# ABOUT THIS EXERCISE
Every line below from the one with "vidaXL Αυτοκόλλητες σφραγίδες" through the one with "لتقبيل مازدا cx5 2023 4" should be retyped exactly, both ends included; no other lines and no pictures.

# PROVIDED ENTRIES
BEGIN

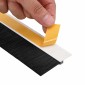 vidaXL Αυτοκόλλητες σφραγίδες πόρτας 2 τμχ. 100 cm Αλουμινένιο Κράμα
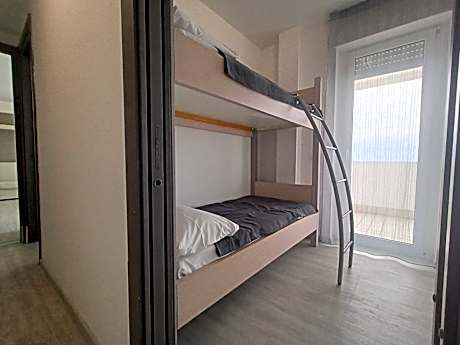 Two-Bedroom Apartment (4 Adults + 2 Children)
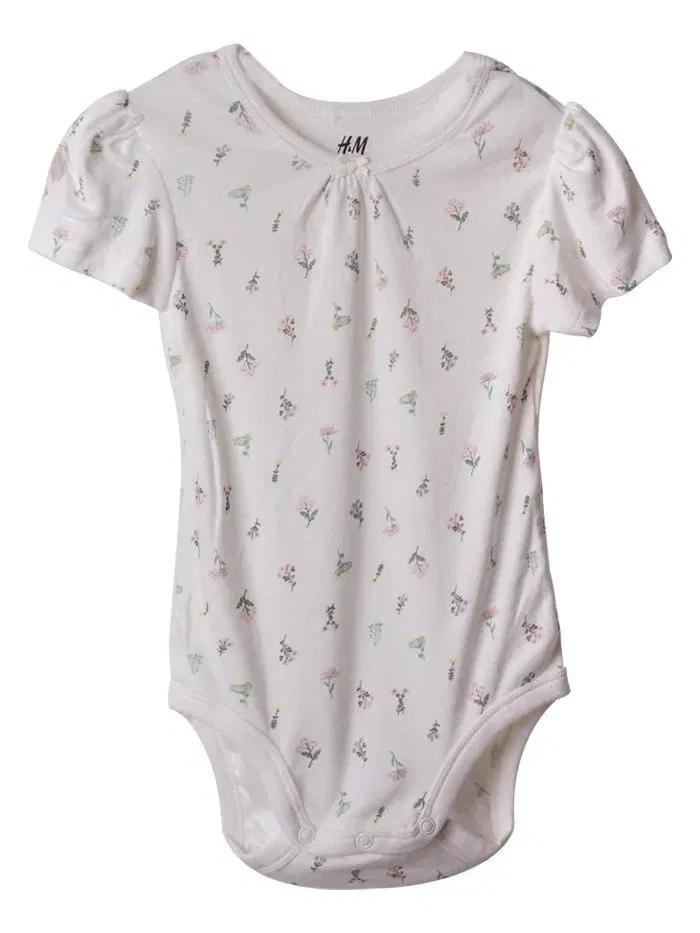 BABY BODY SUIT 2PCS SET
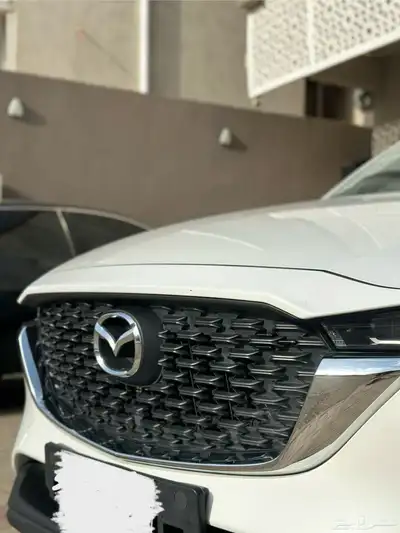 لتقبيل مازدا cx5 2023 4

END
BEGIN

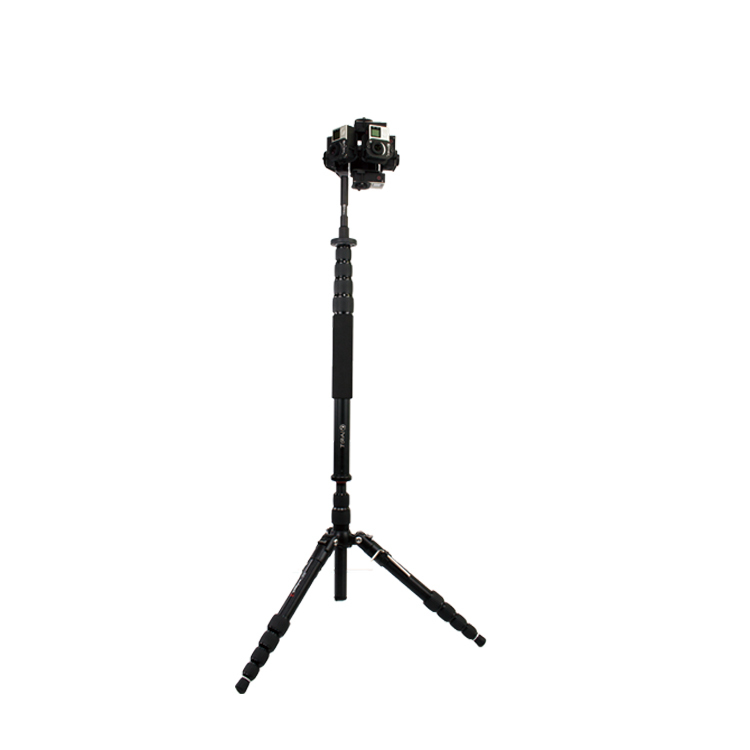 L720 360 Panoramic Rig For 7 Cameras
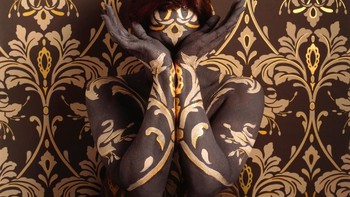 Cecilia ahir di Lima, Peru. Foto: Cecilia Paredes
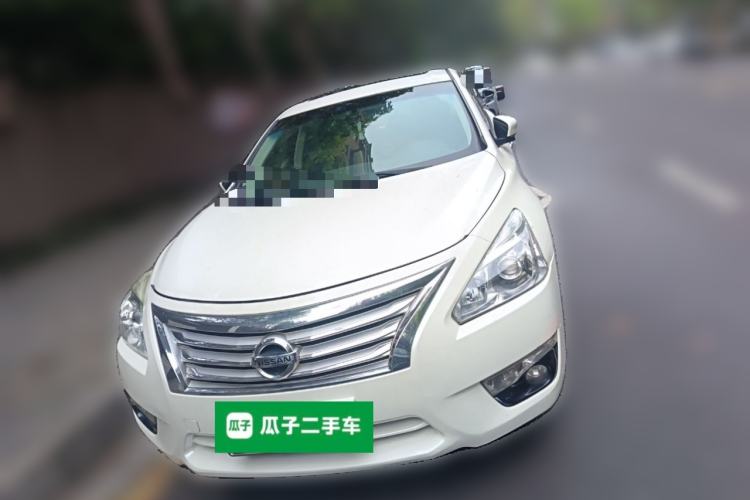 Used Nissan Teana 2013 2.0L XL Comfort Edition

END

# YOUR SOLUTION
 vidaXL Αυτοκόλλητες σφραγίδες πόρτας 2 τμχ. 100 cm Αλουμινένιο Κράμα
 Two-Bedroom Apartment (4 Adults + 2 Children)
 BABY BODY SUIT 2PCS SET
 لتقبيل مازدا cx5 2023 4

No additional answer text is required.